Scraped caption text data
- Opening Delimiter -

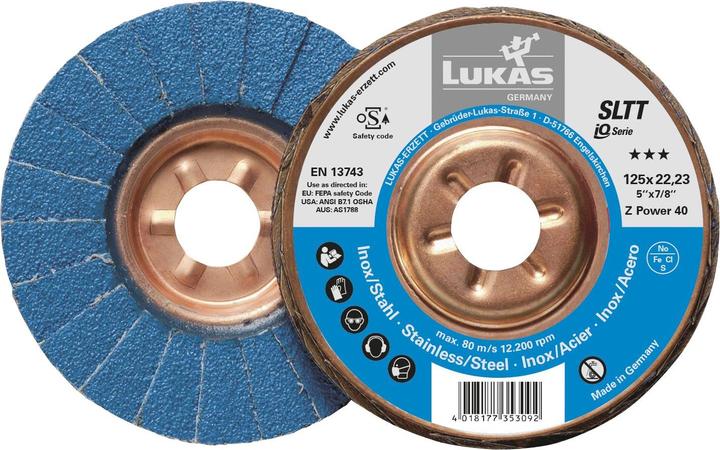 Produktbild Fächerscheibe SLTT Z Power Ø 125 mm Körnung 60 flach INOX Zirkonkorund (60)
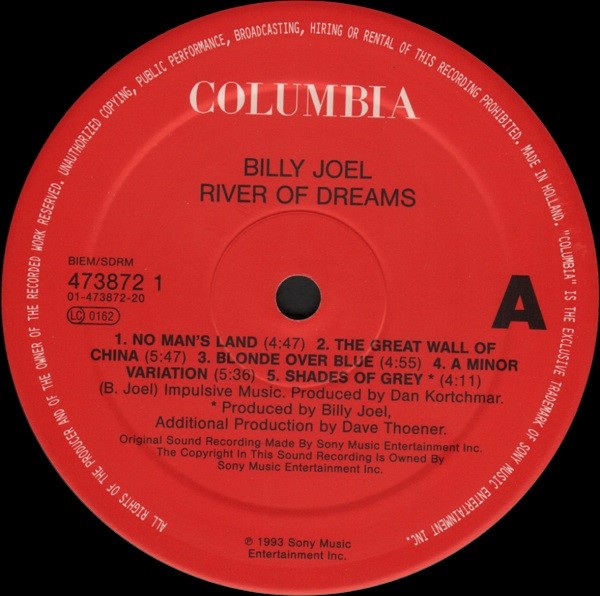 Billy Joel's River of Dreams album on LP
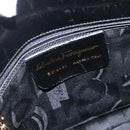 Salvatore Ferragamo Gancini Shoulder Bag Leather Black Gold Auth 156984-12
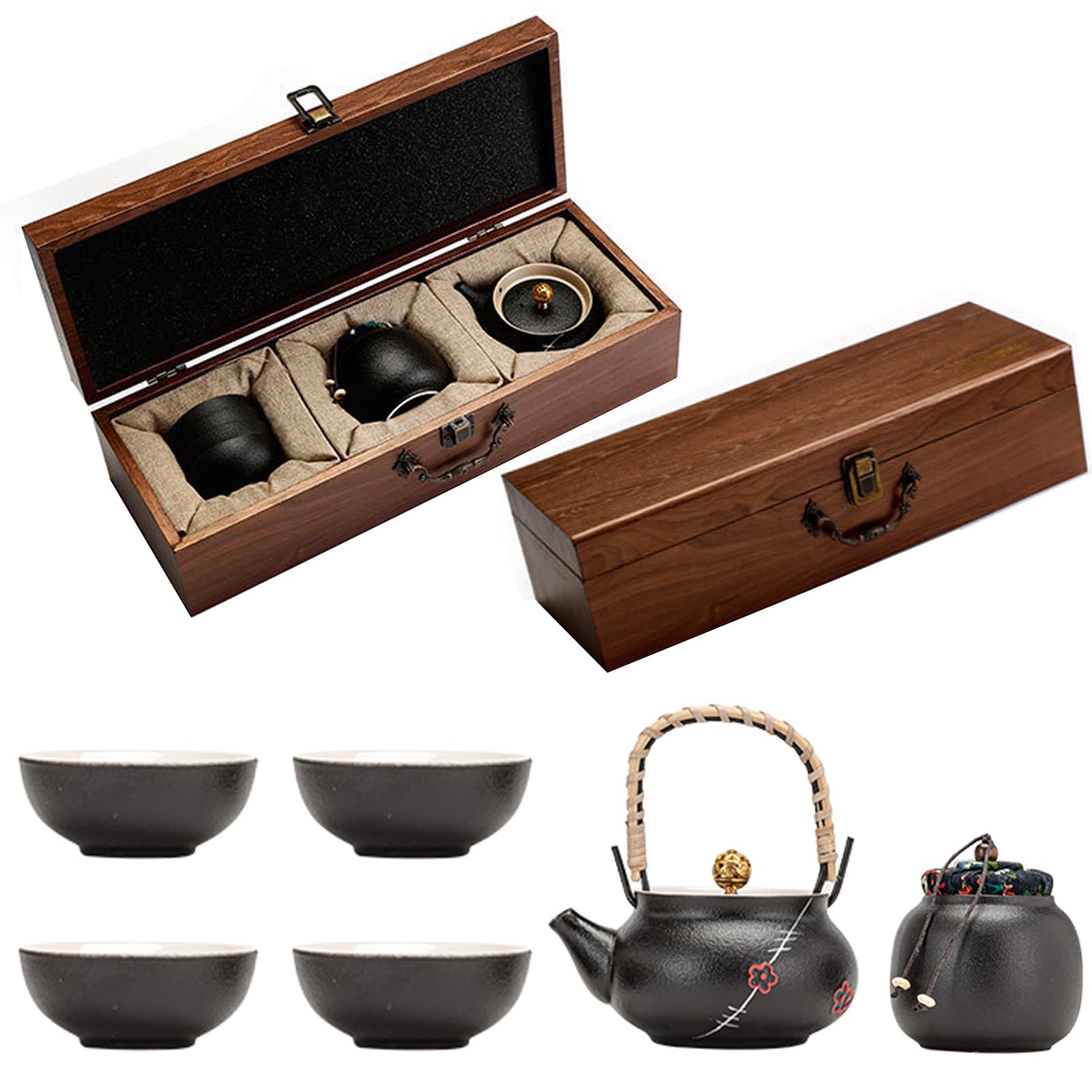 Service à thé Gongfu en porcelaine de style japonais avec coffret en bois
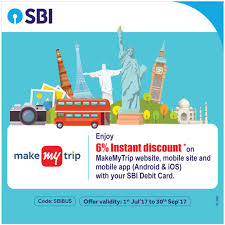 15% off with m akemytrip icici offer. Planning A Trip This Monsoon Sbi Has An Exciting Offer For You Book Your Bus Tickets At Makemytrip Com Mobile Site Or Mob Make My Trip Mobile App Debit Card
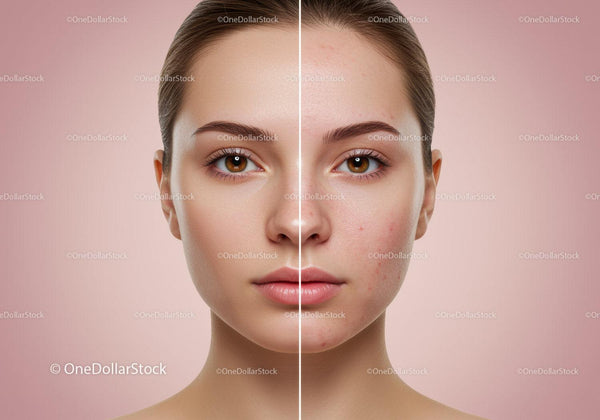 Close-Up of Young Woman with Acne Prone Skin Showing Skin Improvement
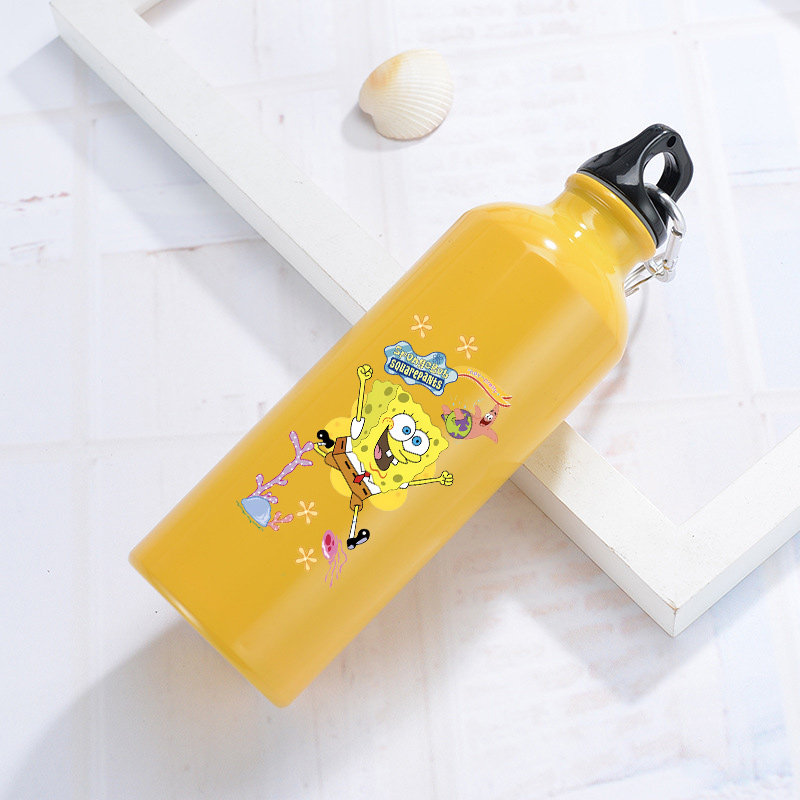 Outdoor Camping Kettle - ขวดน้ำอลูมิเนียมสปองจ์บ็อบส์สำหรับกิจกรรมกลางแจ้ง ขวดน้ำสีเหลืองสำหรับปั่นจักรยาน กีฬา ขวดน้ำกันรั่วสำหรับเดินทาง วิ่ง และตั้งแคมป์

- Closing Delimiter -

◆ **Goal of the exercise**: Leave the pictures out and return each entry exactly.

◆ **Solution for this exercise**:
 Produktbild Fächerscheibe SLTT Z Power Ø 125 mm Körnung 60 flach INOX Zirkonkorund (60)
 Billy Joel's River of Dreams album on LP
 Salvatore Ferragamo Gancini Shoulder Bag Leather Black Gold Auth 156984-12
 Service à thé Gongfu en porcelaine de style japonais avec coffret en bois
 15% off with m akemytrip icici offer. Planning A Trip This Monsoon Sbi Has An Exciting Offer For You Book Your Bus Tickets At Makemytrip Com Mobile Site Or Mob Make My Trip Mobile App Debit Card
 Close-Up of Young Woman with Acne Prone Skin Showing Skin Improvement
 Outdoor Camping Kettle - ขวดน้ำอลูมิเนียมสปองจ์บ็อบส์สำหรับกิจกรรมกลางแจ้ง ขวดน้ำสีเหลืองสำหรับปั่นจักรยาน กีฬา ขวดน้ำกันรั่วสำหรับเดินทาง วิ่ง และตั้งแคมป์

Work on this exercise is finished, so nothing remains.